The Book of Mulling or less commonly, Book of Moling (Dublin, Trinity College Library MS 60 (A. I. 15)), is an Irish pocket Gospel Book from the late 8th or early 9th century. The text collection includes the four Gospels, a liturgical service which includes the "Apostles' Creed", and in the colophon, a supposed plan of St. Moling's monastery enclosed by two concentric circles.

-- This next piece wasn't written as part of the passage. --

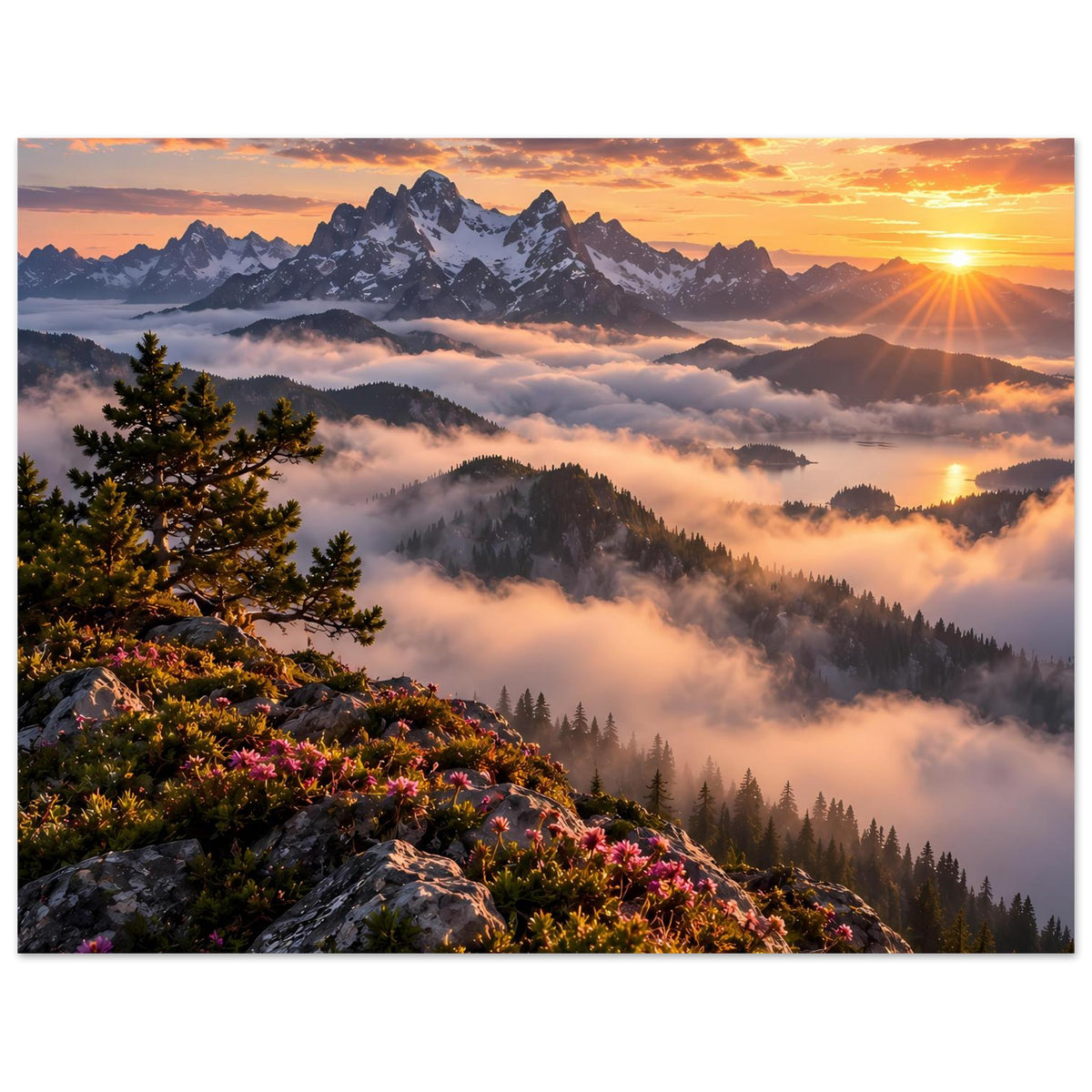 Horizontales Wandposter mit Berggipfeln im Sonnenaufgang, Tannen und Wolkenmeer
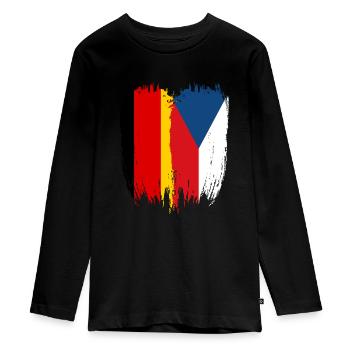 Germany Flag Czech Republic - Teenager Premium Organic Long Sleeve Shirt - black - Front - AI Model Kid Female (0cm)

The name derives from a former notion that the scribe was the Leinster saint St. Moling (d. 697), founder of Tech-Moling (St. Mullins, Co. Carlow), whose subscription occurs in the colophon at the end of St John's Gospel: [N]omen scriptoris Mulling dicitur. However, the manuscript is younger and the script reveals that three scribes were involved: one for the prefaces, another for the synoptic gospels (Matthew, Mark and Luke) and a third for St John's Gospel. It remains possible that the manuscript was copied from an autograph manuscript of St Moling.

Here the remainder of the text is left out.